## Problem details
Retype word for word the line containing "Gigabit Ethernet USB" and each line that follows it in the records below, through the last one, with no pictures.

Short text fragments from websites:
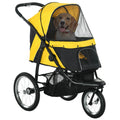 Foldable Pet Stroller Jogger for Small & Medium Dogs with Adjustable Canopy & 3 Large Wheels - Yellow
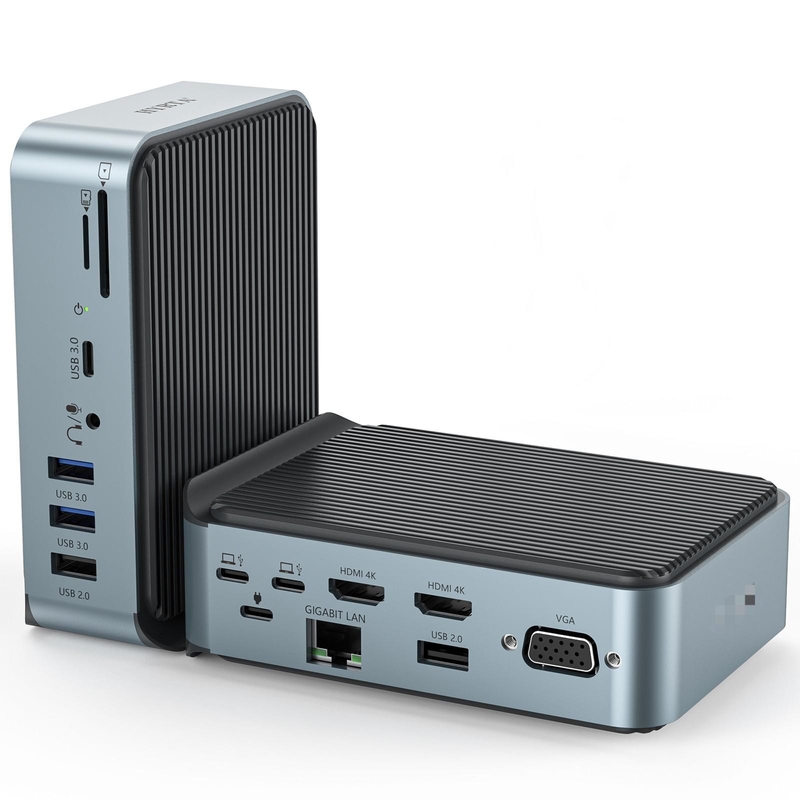 Gigabit Ethernet USB Type C Docking Station Charging Hub Dengan Resolusi HDMI 4K Untuk Macbook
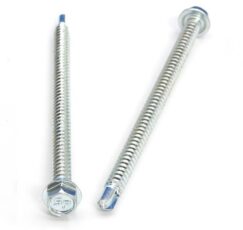 Picture of a screw with a drilling point for metal to metal use. Size #12 x 4". Zinc plated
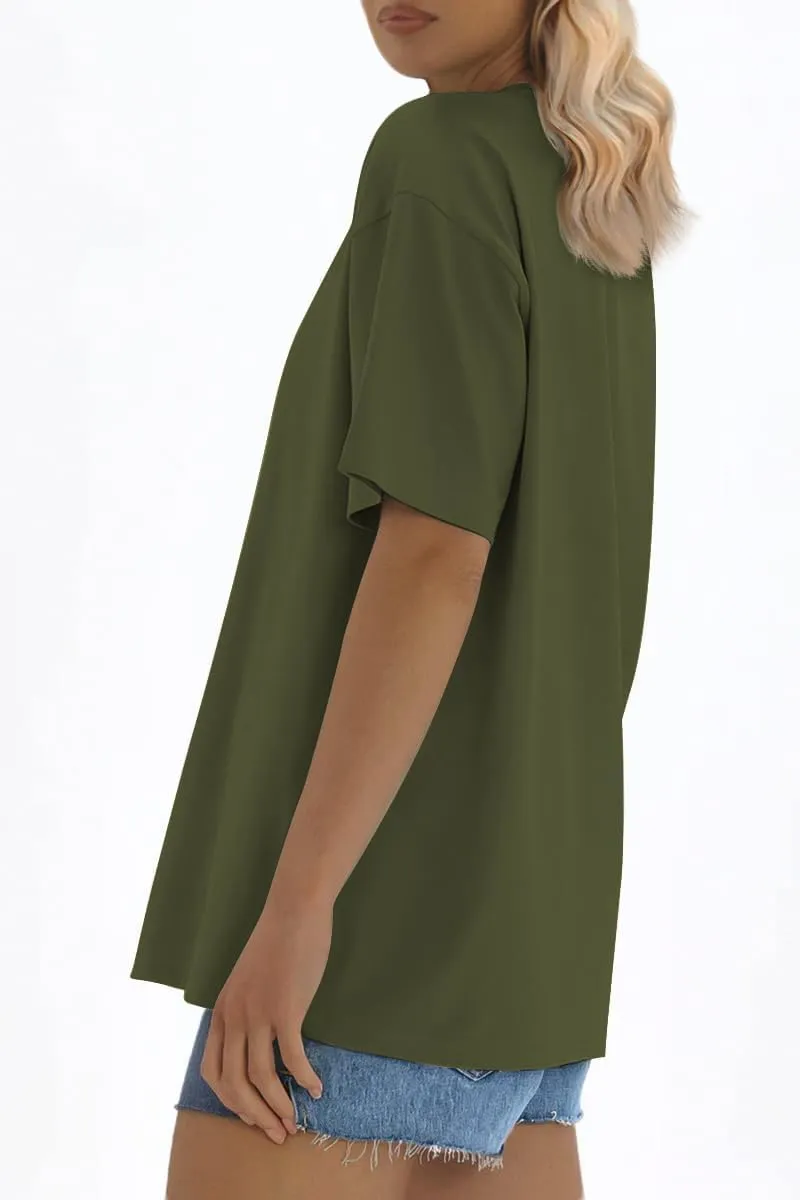 ATHMILE Womens Oversized T Shirts Loose Fit Crewneck Short Sleeve Tops Summer Casual Blouse 2025 Y2K Basic Tee Beach
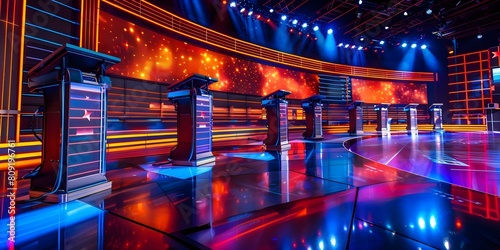 Grand Game Show Set with Podiums, Buzzers, and Spacious Audience Area. Concept Game Show Set, Podiums, Buzzers, Audience Area, Spacious photo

## Expected answer
 Gigabit Ethernet USB Type C Docking Station Charging Hub Dengan Resolusi HDMI 4K Untuk Macbook
 Picture of a screw with a drilling point for metal to metal use. Size #12 x 4". Zinc plated
 ATHMILE Womens Oversized T Shirts Loose Fit Crewneck Short Sleeve Tops Summer Casual Blouse 2025 Y2K Basic Tee Beach
 Grand Game Show Set with Podiums, Buzzers, and Spacious Audience Area. Concept Game Show Set, Podiums, Buzzers, Audience Area, Spacious photo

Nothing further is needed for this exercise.